Littérature : De la dimension humaine de l’œuvre d’Assia Djebar
Des auteurs et des experts spécialisés dans le domaine de la littérature, de la traduction, de la sociologie et du cinéma ont affirmé samedi à Alger que l’œuvre littéraire de la regrettée écrivaine algérienne Assia Djebar représente une porte ouverte sur la dimension humaine, artistique et intellectuelle de l’identité algérienne.
Lors d’une conférence organisée par l’Agence nationale d’Édition et de Publicité en hommage à la romancière Fatima-Zohra Imalhayène, connue sous le nom d’Assia Djebar (1936-2015), Fatima-Zohra M’batouche Najai, spécialiste de linguistique sociale et professeure à l’École des Beaux-Arts d’Alger, a estimé que Djebar « a eu le courage de mettre en valeur la dimension humaine dans toutes ses situations, en offrant aux hommes et aux femmes le langage qui leur convient et le discours le plus approprié pour montrer leur supériorité dans la vie et prouver leur impact sur elle ».
Najai a présenté des exemples de certains textes d’Assia Djebar, tels que le roman « L’Amour, la fantasia » (1957), « Les Impatients » (1967) et « Nulle part dans la maison de mon père » (2007), qui mettent en lumière les personnages féminins qui ont raconté une partie de leur vie et ont montré leur force et leur capacité de résistance pendant et après la révolution de libération.

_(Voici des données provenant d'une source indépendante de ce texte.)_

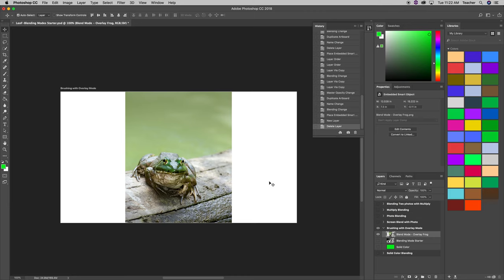Before we move on, this white bothers me a bit, so we need to change our artboard to fit the photo better. I'm going to go up here and select this tool, hold down my mouse, and choose the artboard tool. Then I'm going to select the artboard with overlay mode — that one there.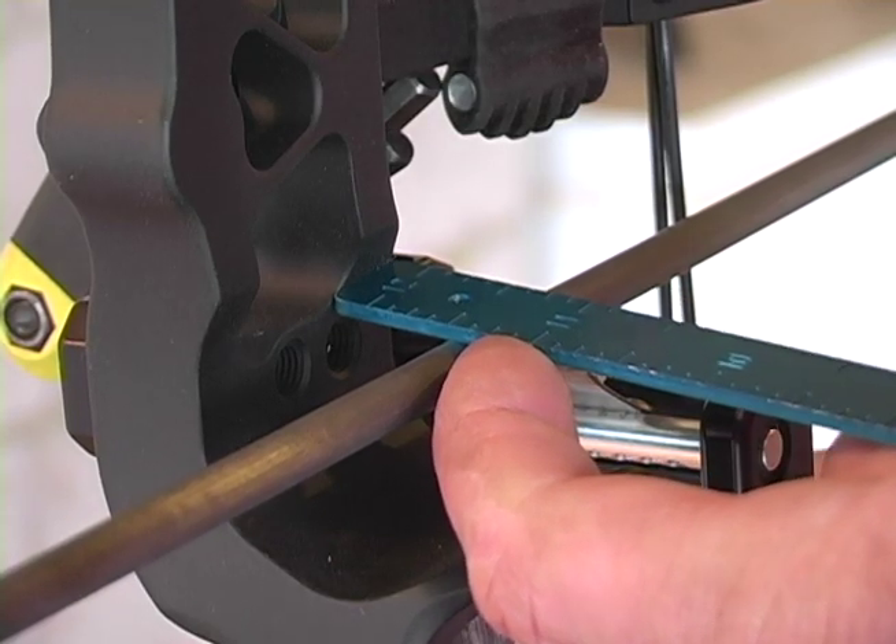Before you get started, make sure your bow is tuned and your arrows are flying well. Start testing at a comfortable distance — for me, I like to test at about 35 yards. Then start with a point weight you normally shoot, and increase your point weight one step at a time, looking for one of two things to happen.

L’enseignante a également évoqué la capacité de Djebar à anticiper l’avenir et à exprimer sa conception de l’État à travers des individus qui se sont rassemblés avec enthousiasme autour de la Guerre de libération nationale.
Pour sa part, Abdelhamid Bouraïou, spécialiste en linguistique et président du jury de la sixième édition du « Grand Prix Assia Djebar du Roman », estime également que l’œuvre de Djebar « exprime des aspects de sa vie en tant qu’écrivaine et intellectuelle, ainsi que de sa vie sociale et de son combat avec l’autre, en abordant des sujets importants qui peuvent susciter un large débat ».
Le conférencier souligne également le sens autobiographique dans les œuvres de Djebar, où les frustrations collectives et l’aspect psychologique ainsi que les étapes de transition d’une société rurale à une société villageoise puis urbaine sont mises en évidence. Il ajoute que Djebar « a exprimé la souffrance de l’homme qui aspire à la liberté ».
Cette écrivaine, qui a reçu de nombreuses distinctions et a été nominée pour le prix Nobel en 2009, rappelle Bouraïou, a dépassé « les stéréotypes habituels dans les productions artistiques, car elle a soulevé des questions importantes qui nécessitent une réflexion, car elle n’a pas fourni de réponses toutes faites ».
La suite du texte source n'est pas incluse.